En entendant le sévère réquisitoire du distingué magistrat, Eugénie Capitaine pleure abondamment.
M. Magnan de Bornier retrace la vie de l'accusée, vie d'aventures, vie scandaleuse, vie de prostitution et rappelle brièvement dans quelles conditions elle fut accusée déjà d'infanticide et acquittée, l'enfant ayant été étouffé alors qu'il était mort-né.
Pour le ministère public, Eugénie Capitaine est absolument responsable aujourd'hui de son crime, car ce crime fut longuement prémédité, puis il donne lecture de la déclaration du docteur Lagriffe, médecin aliéniste.

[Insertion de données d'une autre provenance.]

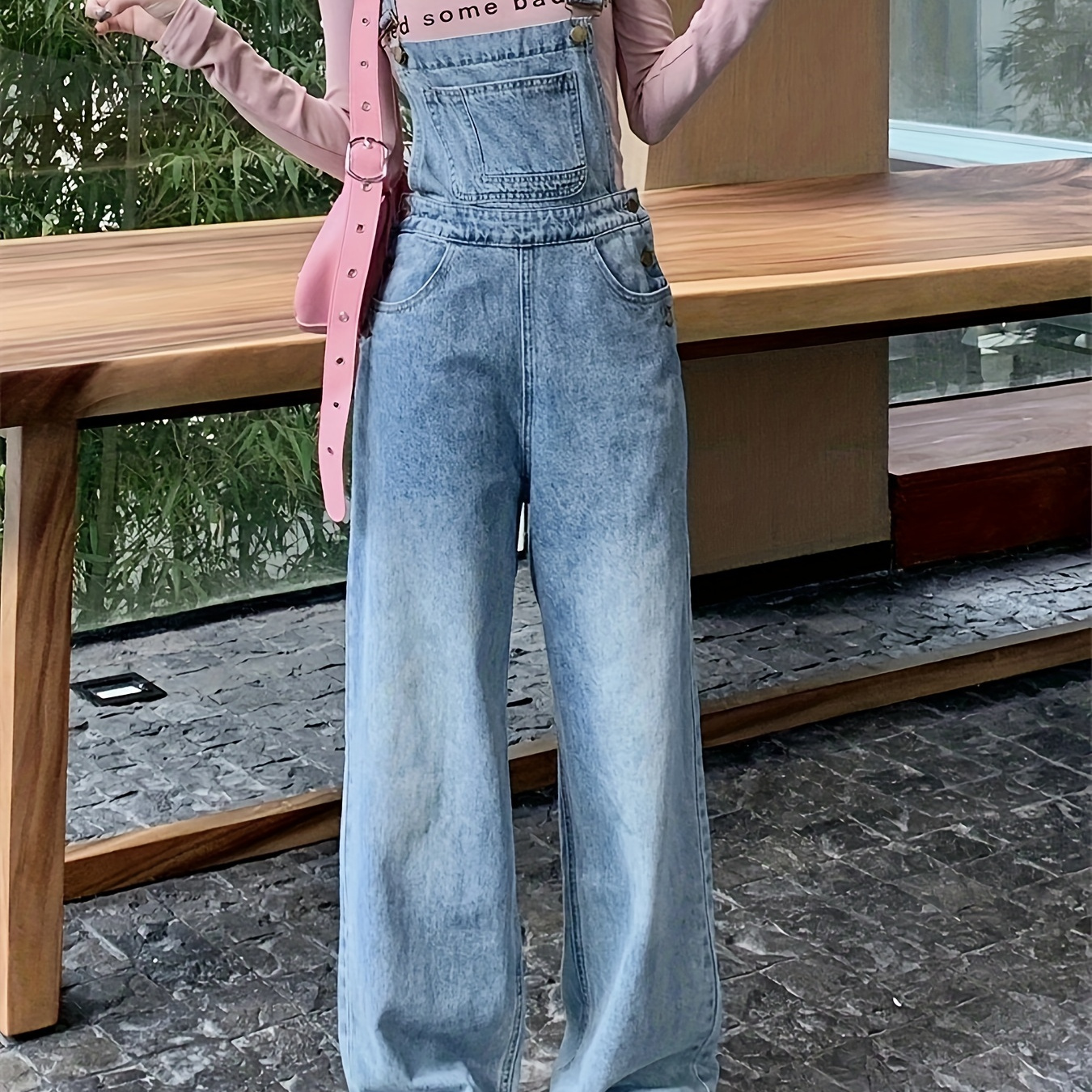 Blue Adjustable Straps Denim Jumpsuit, High Stretch Slim Fit Slant Pockets Denim  Overalls, Women's Denim Clothing - Temu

Ayant énuméré les faits portés dans l'acte d'accusation, M. Magnan de Bornier dit que l'heure du châtiment est arrivée pour Eugénie Capitaine, et demande pour cette mère qui a empoisonné son enfant la peine des travaux forcés, son crime étant même passible de la peine de mort.
LA PLAIDOIRIE
Me Feillet plaide avec chaleur la cause de sa cliente en laquelle il voit une femme irresponsable, tout au moins en partie.
Certes elle est coupable du crime qui lui est reproché, mais elle-même fut victime de son tempérament, du manque de l'affection maternelle, de l'indifférence des siens...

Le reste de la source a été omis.